In the process of building machine learning things at Zendesk, we have noticed that a lot of the steps are sequential where later steps rely on outputs of previous steps. Because Python functions only return a single value (return with multiple values are returned as a tuple), deconstructing and keeping track of return values becomes tedious for long sequences of steps, especially when inputs are not returned from the immediately previous step.
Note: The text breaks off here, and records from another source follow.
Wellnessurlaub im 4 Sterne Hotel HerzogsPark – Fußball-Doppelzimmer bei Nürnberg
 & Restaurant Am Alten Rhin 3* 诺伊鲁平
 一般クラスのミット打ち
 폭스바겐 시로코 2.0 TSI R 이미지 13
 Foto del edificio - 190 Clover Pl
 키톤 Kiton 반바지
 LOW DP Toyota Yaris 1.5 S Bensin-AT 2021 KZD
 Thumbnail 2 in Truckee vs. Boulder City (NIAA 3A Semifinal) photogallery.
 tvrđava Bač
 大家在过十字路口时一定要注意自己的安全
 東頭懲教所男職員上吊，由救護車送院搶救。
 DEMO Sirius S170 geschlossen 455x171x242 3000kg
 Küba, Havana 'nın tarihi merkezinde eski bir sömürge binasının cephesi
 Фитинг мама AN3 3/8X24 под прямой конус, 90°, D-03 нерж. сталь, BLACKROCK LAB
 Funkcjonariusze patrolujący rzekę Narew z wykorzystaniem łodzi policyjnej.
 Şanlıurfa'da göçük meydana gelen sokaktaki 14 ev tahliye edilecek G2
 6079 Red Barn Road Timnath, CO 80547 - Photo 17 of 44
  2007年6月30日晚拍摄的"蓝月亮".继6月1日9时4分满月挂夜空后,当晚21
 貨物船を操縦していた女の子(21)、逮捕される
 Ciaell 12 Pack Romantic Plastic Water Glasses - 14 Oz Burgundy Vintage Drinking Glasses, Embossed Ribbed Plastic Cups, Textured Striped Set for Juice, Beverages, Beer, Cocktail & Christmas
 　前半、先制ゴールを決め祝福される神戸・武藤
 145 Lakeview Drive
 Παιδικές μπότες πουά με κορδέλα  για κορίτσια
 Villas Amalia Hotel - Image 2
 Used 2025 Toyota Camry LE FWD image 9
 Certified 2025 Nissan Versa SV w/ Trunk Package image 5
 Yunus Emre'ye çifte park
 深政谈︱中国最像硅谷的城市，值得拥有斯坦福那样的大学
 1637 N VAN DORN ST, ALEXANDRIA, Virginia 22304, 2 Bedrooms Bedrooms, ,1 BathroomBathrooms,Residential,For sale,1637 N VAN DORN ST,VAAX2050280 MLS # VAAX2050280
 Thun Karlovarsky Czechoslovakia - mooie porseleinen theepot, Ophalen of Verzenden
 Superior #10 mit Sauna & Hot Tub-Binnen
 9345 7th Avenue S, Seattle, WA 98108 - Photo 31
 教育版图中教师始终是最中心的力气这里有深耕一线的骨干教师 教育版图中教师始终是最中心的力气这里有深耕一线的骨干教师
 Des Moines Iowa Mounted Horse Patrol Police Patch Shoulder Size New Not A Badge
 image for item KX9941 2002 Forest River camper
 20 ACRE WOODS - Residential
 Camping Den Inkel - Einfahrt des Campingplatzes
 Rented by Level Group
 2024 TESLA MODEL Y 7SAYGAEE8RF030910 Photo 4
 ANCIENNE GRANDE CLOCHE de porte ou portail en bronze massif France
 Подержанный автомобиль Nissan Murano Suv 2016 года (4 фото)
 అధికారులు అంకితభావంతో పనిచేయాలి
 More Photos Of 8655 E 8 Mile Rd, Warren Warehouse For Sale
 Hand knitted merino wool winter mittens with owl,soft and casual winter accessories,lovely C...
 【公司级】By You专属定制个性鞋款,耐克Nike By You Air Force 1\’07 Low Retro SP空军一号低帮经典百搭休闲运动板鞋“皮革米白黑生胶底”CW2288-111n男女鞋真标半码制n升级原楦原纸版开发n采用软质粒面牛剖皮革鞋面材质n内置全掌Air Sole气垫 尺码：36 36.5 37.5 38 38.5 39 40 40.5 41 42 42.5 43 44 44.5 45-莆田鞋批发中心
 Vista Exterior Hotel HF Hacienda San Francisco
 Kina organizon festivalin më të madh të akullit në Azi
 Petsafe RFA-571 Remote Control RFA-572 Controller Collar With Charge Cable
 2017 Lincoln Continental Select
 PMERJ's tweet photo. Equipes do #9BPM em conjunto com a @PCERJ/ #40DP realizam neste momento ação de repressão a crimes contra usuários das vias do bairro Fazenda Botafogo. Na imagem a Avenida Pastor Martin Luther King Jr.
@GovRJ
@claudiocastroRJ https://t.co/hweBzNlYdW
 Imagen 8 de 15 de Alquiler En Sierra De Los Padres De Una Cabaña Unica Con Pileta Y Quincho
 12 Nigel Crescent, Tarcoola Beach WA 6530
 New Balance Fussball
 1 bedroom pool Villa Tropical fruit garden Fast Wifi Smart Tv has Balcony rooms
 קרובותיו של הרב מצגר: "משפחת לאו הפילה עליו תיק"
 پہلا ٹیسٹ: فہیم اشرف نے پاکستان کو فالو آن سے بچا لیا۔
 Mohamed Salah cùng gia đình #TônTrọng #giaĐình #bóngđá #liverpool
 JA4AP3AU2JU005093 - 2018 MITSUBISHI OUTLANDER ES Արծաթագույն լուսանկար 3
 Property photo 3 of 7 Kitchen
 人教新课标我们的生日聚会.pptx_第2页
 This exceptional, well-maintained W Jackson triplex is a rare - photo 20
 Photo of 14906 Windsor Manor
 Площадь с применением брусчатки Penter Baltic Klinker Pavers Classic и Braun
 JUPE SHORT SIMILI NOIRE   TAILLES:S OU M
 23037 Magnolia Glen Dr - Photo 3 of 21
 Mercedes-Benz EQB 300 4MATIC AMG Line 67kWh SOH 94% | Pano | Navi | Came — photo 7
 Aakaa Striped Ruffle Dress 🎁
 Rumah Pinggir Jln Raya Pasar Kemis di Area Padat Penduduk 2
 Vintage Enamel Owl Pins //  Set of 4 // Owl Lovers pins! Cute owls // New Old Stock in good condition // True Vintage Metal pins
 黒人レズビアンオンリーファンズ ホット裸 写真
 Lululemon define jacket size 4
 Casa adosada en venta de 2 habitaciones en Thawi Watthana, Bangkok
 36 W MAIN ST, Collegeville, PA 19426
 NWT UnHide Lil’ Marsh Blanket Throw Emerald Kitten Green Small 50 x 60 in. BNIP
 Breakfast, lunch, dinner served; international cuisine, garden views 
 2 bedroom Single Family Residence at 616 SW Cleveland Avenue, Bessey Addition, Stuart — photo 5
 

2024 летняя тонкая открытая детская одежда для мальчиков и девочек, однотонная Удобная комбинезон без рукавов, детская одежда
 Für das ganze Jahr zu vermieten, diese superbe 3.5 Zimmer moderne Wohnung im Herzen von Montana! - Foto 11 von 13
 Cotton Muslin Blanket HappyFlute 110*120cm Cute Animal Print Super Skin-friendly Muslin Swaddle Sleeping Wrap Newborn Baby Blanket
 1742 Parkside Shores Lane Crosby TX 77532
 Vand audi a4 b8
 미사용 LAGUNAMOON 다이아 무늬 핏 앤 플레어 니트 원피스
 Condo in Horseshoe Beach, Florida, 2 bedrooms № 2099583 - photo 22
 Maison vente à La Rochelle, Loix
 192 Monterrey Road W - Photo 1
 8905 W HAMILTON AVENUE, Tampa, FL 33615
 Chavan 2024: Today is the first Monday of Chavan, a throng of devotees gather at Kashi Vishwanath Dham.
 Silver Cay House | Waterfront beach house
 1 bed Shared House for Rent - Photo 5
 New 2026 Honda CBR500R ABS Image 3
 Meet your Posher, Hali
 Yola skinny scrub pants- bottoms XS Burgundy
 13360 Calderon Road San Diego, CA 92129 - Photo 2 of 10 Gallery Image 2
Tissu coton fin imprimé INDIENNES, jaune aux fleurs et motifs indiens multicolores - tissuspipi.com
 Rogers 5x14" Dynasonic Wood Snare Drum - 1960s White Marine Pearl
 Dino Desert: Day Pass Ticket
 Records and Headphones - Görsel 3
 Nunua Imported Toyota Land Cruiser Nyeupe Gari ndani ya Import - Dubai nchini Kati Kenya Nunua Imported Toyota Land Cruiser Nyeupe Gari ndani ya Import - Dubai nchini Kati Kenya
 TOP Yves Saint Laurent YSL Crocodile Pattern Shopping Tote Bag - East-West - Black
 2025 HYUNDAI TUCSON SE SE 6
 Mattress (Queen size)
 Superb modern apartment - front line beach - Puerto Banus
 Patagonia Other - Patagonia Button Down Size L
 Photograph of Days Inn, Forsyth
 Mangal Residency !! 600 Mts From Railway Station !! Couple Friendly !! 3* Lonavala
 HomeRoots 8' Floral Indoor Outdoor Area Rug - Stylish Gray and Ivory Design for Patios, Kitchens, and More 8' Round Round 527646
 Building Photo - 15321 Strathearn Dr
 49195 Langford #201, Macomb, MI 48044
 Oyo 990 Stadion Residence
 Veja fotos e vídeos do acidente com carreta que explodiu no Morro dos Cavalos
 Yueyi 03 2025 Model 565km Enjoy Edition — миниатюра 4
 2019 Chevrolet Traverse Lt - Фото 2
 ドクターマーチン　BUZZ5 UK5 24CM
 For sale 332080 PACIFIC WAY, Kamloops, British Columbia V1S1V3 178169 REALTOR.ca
PAKKR is an utility created to remediate these pain points; it provides the user with a way to specify how return values should be interpreted and optionally caches results and injects them in later steps automatically.

Install from PyPi

pip install pakkr

Install from source

git clone git@github.com:zendesk/pakkr.git
cd pakkr
python setup.py install

Usage

from pakkr import Pipeline, returns

@returns(int, original_num_as_string=str)  # this function returns an integer and insert original_num_as_string into the meta cache
def times_two(n):
  return n*2, {'original_num_as_string': str(n)}

@returns(int, int)  # this functions returns two integers and will be passed on as two arguments
def plus_five_and_three(n):
  return n + 5, n + 3

@returns(str)
def summary(a, b, original_num_as_string):  # a and b are passed in as positional arguments,
                                            # but original_num_as_string would be injected from the meta cache
  return f'Original input was {original_num_as_string} and it became {str(a)} and {str(b)} after processing'

pipeline = Pipeline(times_two, plus_five_and_three, summary, _name='process_int')
print(pipeline(3))

Running the above code should print:

Original input was 3 and it became 11 and 9 after processing

What's going on?

returns is used to indicate how the return values should be interpreted; @returns(int, str, x=bool) means the Callable should be returning something like return 10, 'hello', {'x': True} and the 10 and 'hello' will be passed as two positional arguments into the next Callable while x would be cached in the meta space and be injected if any following Callables require x but not being given as positional argument from the previous Callable.

Development

This project uses tox to manage testing on multiple Python versions assuming the required Python versions are available.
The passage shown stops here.